PROBLEM DETAILS. Looking through the entries, count each line where the string "Ford" occurs, and write only the total.

*** EXERCISE DATA

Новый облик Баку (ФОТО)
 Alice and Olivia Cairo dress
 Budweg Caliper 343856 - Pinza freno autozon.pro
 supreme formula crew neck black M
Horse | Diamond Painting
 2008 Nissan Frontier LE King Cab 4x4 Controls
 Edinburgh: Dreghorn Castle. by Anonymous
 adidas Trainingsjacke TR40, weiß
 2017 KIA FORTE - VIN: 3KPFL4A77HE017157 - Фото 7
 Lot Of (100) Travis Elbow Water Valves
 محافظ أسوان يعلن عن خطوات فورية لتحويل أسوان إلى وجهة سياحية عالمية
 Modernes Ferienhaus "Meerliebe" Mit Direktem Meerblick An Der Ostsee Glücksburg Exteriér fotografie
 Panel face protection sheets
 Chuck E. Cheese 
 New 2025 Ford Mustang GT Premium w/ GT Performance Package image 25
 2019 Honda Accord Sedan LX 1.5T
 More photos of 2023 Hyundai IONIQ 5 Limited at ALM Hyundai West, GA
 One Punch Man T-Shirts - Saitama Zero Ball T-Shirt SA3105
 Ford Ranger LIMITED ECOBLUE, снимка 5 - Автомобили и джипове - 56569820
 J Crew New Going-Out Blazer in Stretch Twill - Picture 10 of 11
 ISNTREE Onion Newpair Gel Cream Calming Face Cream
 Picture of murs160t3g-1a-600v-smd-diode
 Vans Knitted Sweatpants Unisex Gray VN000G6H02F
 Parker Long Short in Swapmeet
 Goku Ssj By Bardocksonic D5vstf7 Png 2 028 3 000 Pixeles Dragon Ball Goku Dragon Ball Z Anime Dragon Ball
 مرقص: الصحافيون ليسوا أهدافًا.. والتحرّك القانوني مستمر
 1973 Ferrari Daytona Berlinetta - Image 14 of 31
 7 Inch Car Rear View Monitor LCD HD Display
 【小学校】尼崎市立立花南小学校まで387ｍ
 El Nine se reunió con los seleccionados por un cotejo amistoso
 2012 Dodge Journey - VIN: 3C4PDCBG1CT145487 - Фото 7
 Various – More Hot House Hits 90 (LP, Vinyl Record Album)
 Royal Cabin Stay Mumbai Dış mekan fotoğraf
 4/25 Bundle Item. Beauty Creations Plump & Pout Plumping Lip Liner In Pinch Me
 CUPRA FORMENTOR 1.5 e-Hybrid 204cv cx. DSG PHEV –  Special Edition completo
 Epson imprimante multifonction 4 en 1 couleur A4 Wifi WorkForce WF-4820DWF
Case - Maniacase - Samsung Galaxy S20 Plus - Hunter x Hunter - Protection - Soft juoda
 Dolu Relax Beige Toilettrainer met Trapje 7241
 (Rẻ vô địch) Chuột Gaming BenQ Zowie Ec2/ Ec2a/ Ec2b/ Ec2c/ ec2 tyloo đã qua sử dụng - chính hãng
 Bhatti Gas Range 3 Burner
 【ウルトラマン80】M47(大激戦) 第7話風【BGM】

******

ANSWER TO THE EXERCISE. 2